● To do
Nothing outside the range is wanted. Repeat exactly the lines below from the one with "2530 Patra Drive, EL SOBRANTE, CA 94803" through the one with "Flat With Views".

*** Opening of Data to process ***

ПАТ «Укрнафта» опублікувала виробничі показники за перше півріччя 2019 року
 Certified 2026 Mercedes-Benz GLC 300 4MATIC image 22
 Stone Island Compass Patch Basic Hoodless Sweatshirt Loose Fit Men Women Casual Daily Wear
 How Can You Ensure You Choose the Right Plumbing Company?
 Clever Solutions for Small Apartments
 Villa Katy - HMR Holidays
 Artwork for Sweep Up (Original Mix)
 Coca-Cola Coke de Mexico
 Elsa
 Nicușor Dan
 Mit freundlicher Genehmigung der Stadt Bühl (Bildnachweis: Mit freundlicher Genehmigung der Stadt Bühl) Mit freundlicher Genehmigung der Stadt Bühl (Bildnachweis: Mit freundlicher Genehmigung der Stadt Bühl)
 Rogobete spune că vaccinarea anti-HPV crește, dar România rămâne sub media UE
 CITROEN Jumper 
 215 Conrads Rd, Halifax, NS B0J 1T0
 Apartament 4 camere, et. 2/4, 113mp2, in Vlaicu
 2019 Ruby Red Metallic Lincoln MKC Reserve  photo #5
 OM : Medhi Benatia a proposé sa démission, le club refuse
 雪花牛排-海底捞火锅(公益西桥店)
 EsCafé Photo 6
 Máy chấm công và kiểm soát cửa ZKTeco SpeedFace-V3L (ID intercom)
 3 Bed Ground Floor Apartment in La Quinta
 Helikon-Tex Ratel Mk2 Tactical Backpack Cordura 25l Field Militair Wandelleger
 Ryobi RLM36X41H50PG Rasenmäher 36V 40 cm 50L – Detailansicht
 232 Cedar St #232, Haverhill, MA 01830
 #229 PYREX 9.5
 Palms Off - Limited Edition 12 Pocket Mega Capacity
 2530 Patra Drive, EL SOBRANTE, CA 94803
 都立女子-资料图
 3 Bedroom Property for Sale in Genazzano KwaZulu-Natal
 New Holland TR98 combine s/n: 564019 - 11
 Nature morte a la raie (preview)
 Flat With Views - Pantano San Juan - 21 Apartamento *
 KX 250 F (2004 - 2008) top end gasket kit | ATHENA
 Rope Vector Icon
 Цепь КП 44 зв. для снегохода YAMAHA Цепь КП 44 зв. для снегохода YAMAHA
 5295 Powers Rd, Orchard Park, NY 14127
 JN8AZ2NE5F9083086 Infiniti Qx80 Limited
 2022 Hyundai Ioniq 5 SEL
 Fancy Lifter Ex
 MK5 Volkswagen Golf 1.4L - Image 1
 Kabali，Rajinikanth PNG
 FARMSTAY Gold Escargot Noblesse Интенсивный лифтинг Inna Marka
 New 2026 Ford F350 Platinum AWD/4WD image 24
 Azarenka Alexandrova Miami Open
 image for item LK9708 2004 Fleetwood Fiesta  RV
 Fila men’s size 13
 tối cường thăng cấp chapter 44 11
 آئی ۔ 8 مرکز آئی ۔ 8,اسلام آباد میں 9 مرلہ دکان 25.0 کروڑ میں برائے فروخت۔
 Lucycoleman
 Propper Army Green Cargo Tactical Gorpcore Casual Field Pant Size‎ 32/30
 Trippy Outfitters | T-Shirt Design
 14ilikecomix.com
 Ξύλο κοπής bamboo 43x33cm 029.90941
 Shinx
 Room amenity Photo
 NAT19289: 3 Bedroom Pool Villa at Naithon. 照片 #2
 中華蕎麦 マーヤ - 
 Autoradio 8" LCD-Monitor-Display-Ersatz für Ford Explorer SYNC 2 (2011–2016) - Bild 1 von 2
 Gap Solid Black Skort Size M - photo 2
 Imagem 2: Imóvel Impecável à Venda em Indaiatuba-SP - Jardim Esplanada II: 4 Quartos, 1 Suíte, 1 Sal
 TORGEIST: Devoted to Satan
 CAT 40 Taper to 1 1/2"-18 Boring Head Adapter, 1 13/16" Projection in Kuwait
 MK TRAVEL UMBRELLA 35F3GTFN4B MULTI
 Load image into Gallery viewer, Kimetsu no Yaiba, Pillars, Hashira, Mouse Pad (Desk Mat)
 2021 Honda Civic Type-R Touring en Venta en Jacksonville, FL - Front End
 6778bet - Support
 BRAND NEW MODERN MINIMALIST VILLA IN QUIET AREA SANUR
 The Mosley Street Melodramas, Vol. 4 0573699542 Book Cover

*** Close of Data to process ***

● Response below
 2530 Patra Drive, EL SOBRANTE, CA 94803
 都立女子-资料图
 3 Bedroom Property for Sale in Genazzano KwaZulu-Natal
 New Holland TR98 combine s/n: 564019 - 11
 Nature morte a la raie (preview)
 Flat With Views - Pantano San Juan - 21 Apartamento *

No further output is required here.